メインコンテンツまでスキップ

ADR 0008: Capture Coordination via Fencing Tokens (epoch-fenced level projection)

Status

Proposed; Accepted for experimental implementation — 2026-05-31.

This ADR builds on ADR 0006: CloudEdge Event Federation, ADR 0007: Provider Action Execution, and the Selective Address Mobility dataplane. It is experimental.

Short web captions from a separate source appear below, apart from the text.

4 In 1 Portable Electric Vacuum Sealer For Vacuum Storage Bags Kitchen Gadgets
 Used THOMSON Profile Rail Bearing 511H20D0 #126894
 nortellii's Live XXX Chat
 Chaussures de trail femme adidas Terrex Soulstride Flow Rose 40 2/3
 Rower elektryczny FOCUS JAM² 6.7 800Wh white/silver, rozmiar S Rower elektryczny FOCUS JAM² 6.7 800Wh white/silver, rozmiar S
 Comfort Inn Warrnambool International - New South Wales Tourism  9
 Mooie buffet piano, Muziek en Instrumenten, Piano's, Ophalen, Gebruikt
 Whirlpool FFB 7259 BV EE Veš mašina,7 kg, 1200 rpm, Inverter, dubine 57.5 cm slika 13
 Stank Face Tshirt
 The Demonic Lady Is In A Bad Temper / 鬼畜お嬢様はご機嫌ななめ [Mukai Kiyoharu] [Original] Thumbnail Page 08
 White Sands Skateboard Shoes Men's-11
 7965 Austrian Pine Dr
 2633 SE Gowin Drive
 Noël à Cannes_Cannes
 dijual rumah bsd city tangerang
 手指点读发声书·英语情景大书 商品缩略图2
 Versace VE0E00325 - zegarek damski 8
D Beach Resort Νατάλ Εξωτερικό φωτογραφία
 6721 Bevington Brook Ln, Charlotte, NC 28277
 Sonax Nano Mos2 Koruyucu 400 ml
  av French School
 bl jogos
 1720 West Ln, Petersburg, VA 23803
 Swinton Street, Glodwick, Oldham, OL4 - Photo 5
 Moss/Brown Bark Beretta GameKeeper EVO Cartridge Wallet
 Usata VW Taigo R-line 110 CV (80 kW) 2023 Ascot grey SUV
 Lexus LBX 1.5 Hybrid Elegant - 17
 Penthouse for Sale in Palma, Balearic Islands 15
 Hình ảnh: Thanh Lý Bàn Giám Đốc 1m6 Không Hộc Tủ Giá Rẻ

It supersedes the de-provision mechanism introduced as the "durable de-provision marker" fix (commit 26f2a729, issue #70): that fix made the unassign durable but kept an imperative cancel path (cancel the in-flight de-provision when the address is desired again). That cancel path is non-deterministic — it races reconcile timing against execution — and could not be made flaky-free by patching where it joins state. This ADR replaces it with an epoch-fenced level projection.

Context

A mobile /32 in Selective Address Mobility is a uniqueness-constrained shared resource that must have exactly one capture holder at any instant (the single-owner invariant of any-origin symmetric arbitration). "Holding" the address means owning its physical capture: a provider secondary IP assignment on a cloud NIC (AWS ENI / Azure NIC / OCI VNIC), or proxy-ARP + GARP on-prem.

Capture moves between holders in two ways:

  • Graceful / planned — maintenance drain; the active holder cooperates.
  • Abrupt / fault — the holder's host dies or is partitioned; it cannot cooperate, and a standby must seize the capture.

The de-provision (unassign secondary IP / disable forwarding) is releasing the capture; assign is acquiring it. The bug surfaced as a flaky test (TestServeChainMobilityCancelsPendingDeprovisionWhenDesiredAgain, ~3/30 failures without -race): on re-capture the in-flight de-provision was sometimes not cancelled, leaving an orphaned marker / pending action. Patching the cancel join target did not remove the flakiness, because imperative cancellation of in-flight work is the wrong abstraction for a level-triggered reconciler.

Theory consulted (distributed coordination)

  • Fencing tokens (Kleppmann, How to do distributed locking): a lease/lock with TTL is necessary for liveness (a dead holder's lease expires so a standby can take over) but insufficient for safety — a paused / delayed / revived ("zombie") old holder can still act after its lease expired. "You cannot fix this by checking expiry just before writing." The only fix is a monotonically increasing fencing token that the protected resource checks, rejecting any operation carrying a token lower than the highest it has seen.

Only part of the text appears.